Let's say we have an observed outcome $Y_i$ for an object $i=1,\ldots,I$ that arises like this:
For each object a coin is tossed (outcome $X_i$ = $H$ or $T$).
We know the coin is fair, so $X_i \sim \text{Bernoulli}(0.5)$, but we do not observe the outcome $X_i$ of the coin toss.
Then dependent on $X_i=x_i$ you observe
- $Y_i | x_i=H \sim N(\mu_H, \sigma_H)$
- $Y_i | x_i=T \sim N(\mu_T, \sigma_T)$
Let's assume we have prior information on $\mu_H$, $\sigma_H$, $\mu_T$ and $\sigma_H$, and we'd like to get a Bayesian posterior for them after observing some data.
I think I could treat the $X_i$ as an unobserved latent discrete parameters with a $\text{Bernoulli}(0.5)$ prior for each one of them, right? And one could sample that kind of model with Metropolis-Hastings and/or Gibbs sampling, right (e.g. using JAGS)? Is that the simplest way of approaching this?

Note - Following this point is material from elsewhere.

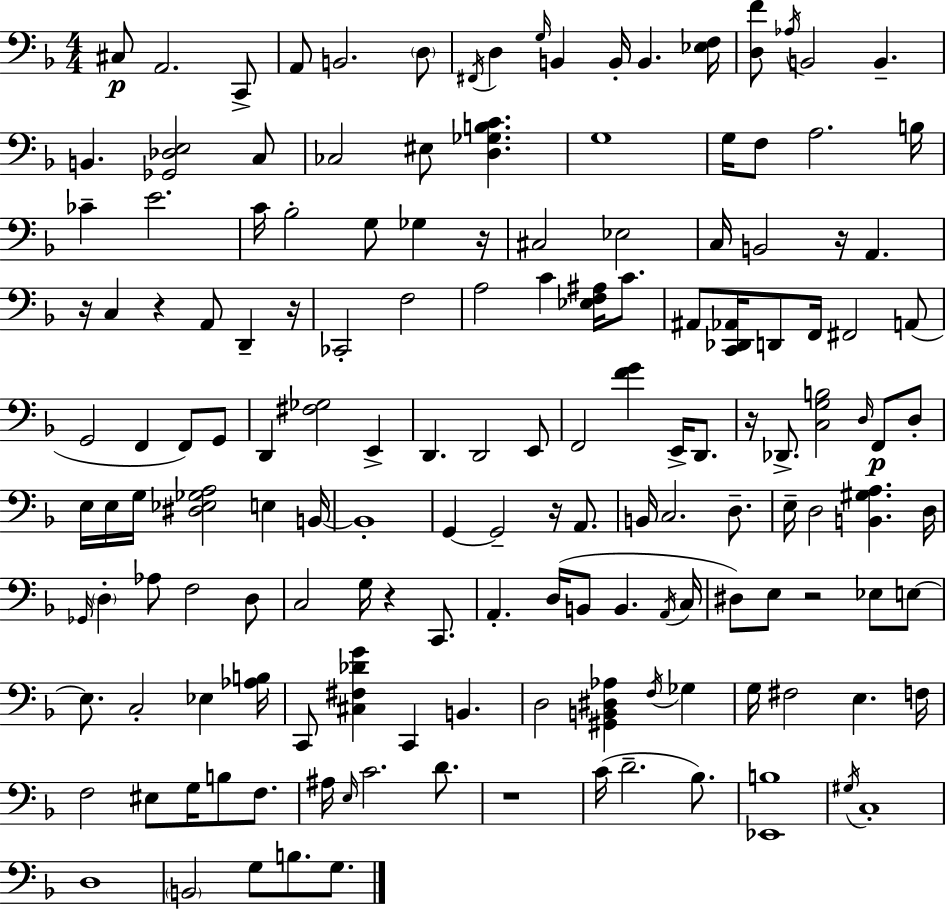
C#3/e A2/h. C2/e A2/e B2/h. D3/e F#2/s D3/q G3/s B2/q B2/s B2/q. [Eb3,F3]/s [D3,F4]/e Ab3/s B2/h B2/q. B2/q. [Gb2,Db3,E3]/h C3/e CES3/h EIS3/e [D3,Gb3,B3,C4]/q. G3/w G3/s F3/e A3/h. B3/s CES4/q E4/h. C4/s Bb3/h G3/e Gb3/q R/s C#3/h Eb3/h C3/s B2/h R/s A2/q. R/s C3/q R/q A2/e D2/q R/s CES2/h F3/h A3/h C4/q [Eb3,F3,A#3]/s C4/e. A#2/e [C2,Db2,Ab2]/s D2/e F2/s F#2/h A2/e G2/h F2/q F2/e G2/e D2/q [F#3,Gb3]/h E2/q D2/q. D2/h E2/e F2/h [F4,G4]/q E2/s D2/e. R/s Db2/e. [C3,G3,B3]/h D3/s F2/e D3/e E3/s E3/s G3/s [D#3,Eb3,Gb3,A3]/h E3/q B2/s B2/w G2/q G2/h R/s A2/e. B2/s C3/h. D3/e. E3/s D3/h [B2,G#3,A3]/q. D3/s Gb2/s D3/q Ab3/e F3/h D3/e C3/h G3/s R/q C2/e. A2/q. D3/s B2/e B2/q. A2/s C3/s D#3/e E3/e R/h Eb3/e E3/e E3/e. C3/h Eb3/q [Ab3,B3]/s C2/e [C#3,F#3,Db4,G4]/q C2/q B2/q. D3/h [G#2,B2,D#3,Ab3]/q F3/s Gb3/q G3/s F#3/h E3/q. F3/s F3/h EIS3/e G3/s B3/e F3/e. A#3/s E3/s C4/h. D4/e. R/w C4/s D4/h. Bb3/e. [Eb2,B3]/w G#3/s C3/w D3/w B2/h G3/e B3/e. G3/e.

On the other hand latent parameters are tricky for Hamiltonian Monte Carlo, so is using e.g. Stan here really hard? Or is there an easy way of summing out the latent discrete parameters? However, I assume it's not as easy as the log-likelihood contribution by each observation being $0.5 \times f_\text{Normal}(y_i | \mu_h, \sigma_H) + 0.5 \times f_\text{Normal}(y_i | \mu_T, \sigma_T)$, or is it (or do I have to write down all possible data constellations of how the $X_i$ and could be and write down the likelihood for each weighted by the probability of each of them?)?